→ Data for this task:
= Beginning of Section =
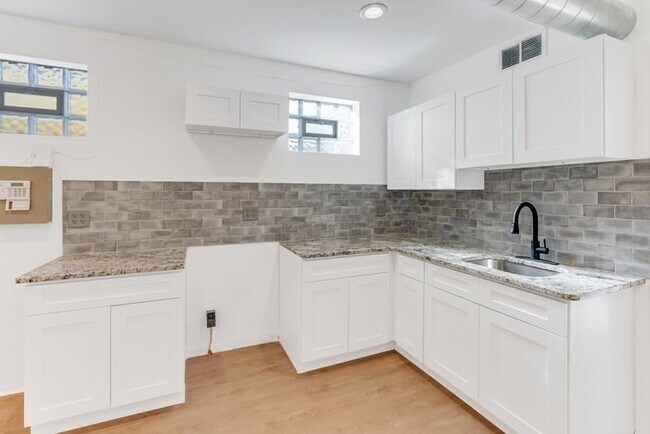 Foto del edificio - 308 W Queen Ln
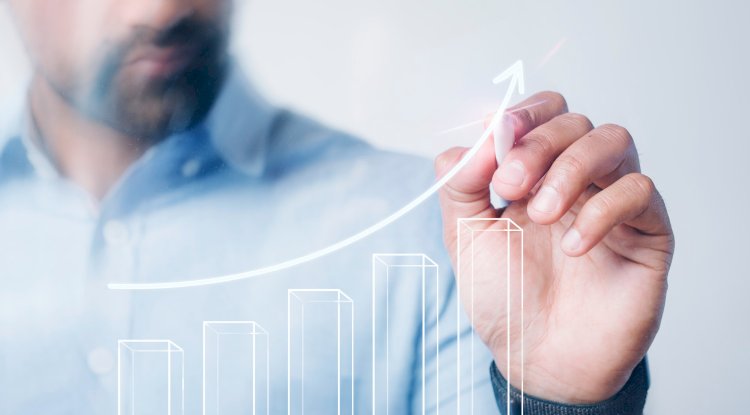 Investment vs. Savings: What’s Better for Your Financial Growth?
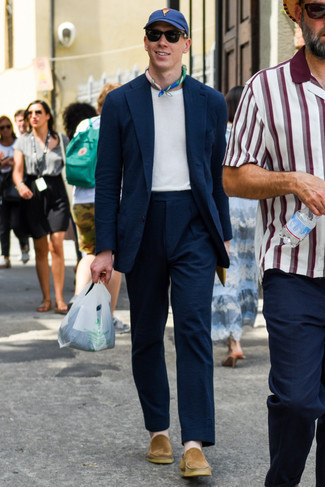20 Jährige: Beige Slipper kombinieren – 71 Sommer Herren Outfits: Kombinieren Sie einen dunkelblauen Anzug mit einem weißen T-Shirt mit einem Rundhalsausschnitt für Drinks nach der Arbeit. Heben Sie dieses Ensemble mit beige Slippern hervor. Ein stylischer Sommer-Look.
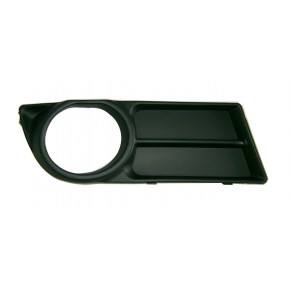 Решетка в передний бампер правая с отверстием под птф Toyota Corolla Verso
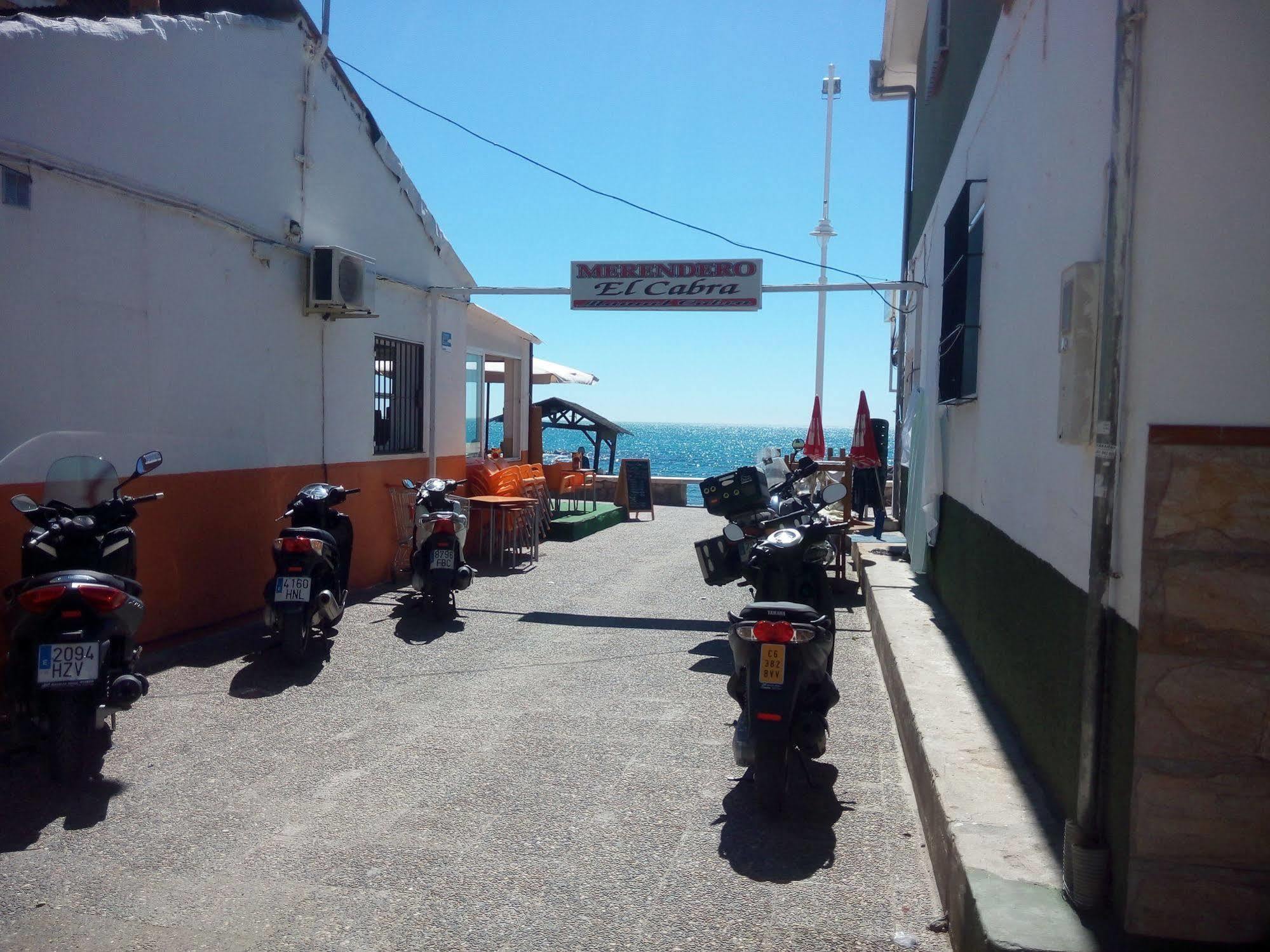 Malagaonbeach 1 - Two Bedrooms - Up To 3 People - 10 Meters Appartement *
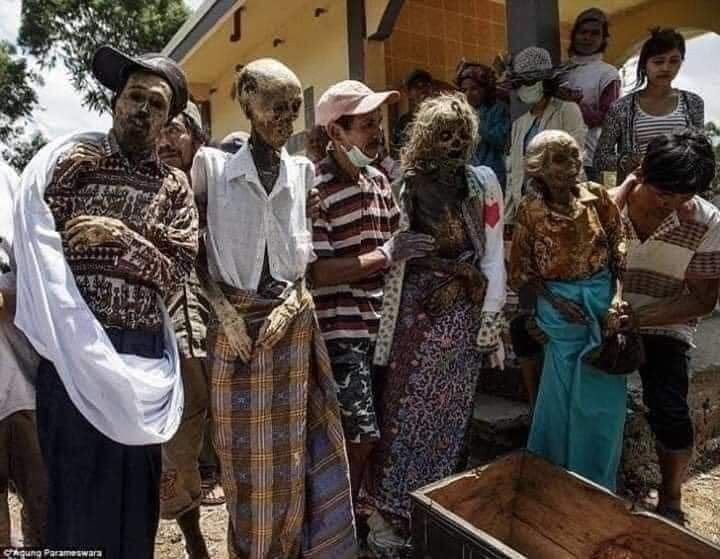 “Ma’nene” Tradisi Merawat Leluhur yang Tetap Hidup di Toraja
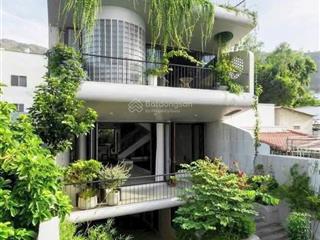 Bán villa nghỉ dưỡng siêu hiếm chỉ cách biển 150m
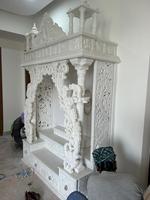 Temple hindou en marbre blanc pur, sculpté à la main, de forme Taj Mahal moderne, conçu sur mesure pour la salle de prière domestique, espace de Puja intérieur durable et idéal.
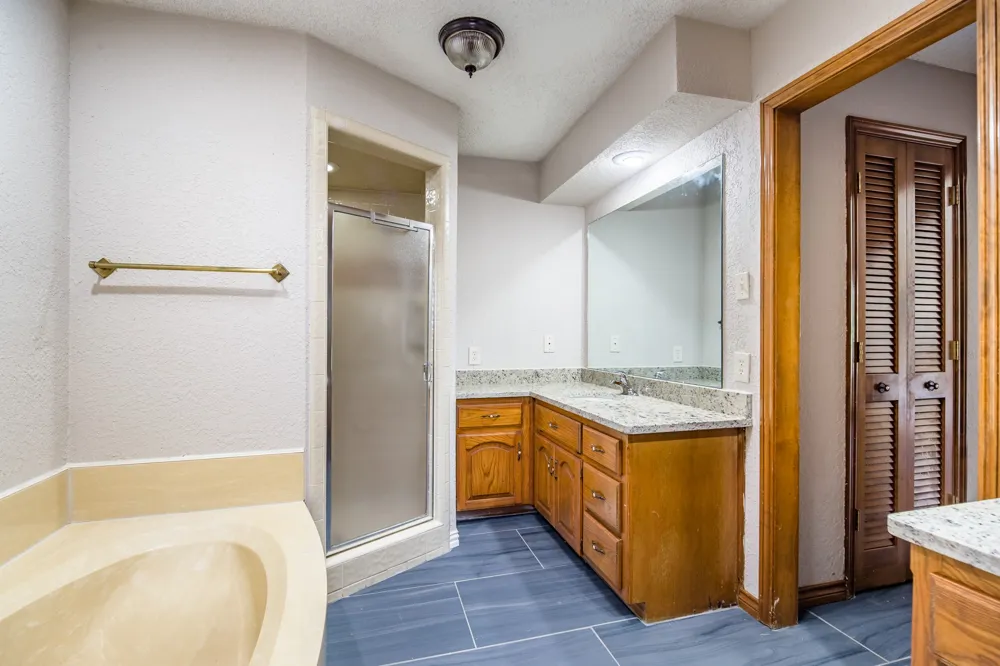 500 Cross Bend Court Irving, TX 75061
= End of Section =
→ Work task: The goal is an exact reprint of the entries, leaving out the pictures.

→ Your response:
 Foto del edificio - 308 W Queen Ln
 Investment vs. Savings: What’s Better for Your Financial Growth?
20 Jährige: Beige Slipper kombinieren – 71 Sommer Herren Outfits: Kombinieren Sie einen dunkelblauen Anzug mit einem weißen T-Shirt mit einem Rundhalsausschnitt für Drinks nach der Arbeit. Heben Sie dieses Ensemble mit beige Slippern hervor. Ein stylischer Sommer-Look.
 Решетка в передний бампер правая с отверстием под птф Toyota Corolla Verso
 Malagaonbeach 1 - Two Bedrooms - Up To 3 People - 10 Meters Appartement *
 “Ma’nene” Tradisi Merawat Leluhur yang Tetap Hidup di Toraja
 Bán villa nghỉ dưỡng siêu hiếm chỉ cách biển 150m
 Temple hindou en marbre blanc pur, sculpté à la main, de forme Taj Mahal moderne, conçu sur mesure pour la salle de prière domestique, espace de Puja intérieur durable et idéal.
 500 Cross Bend Court Irving, TX 75061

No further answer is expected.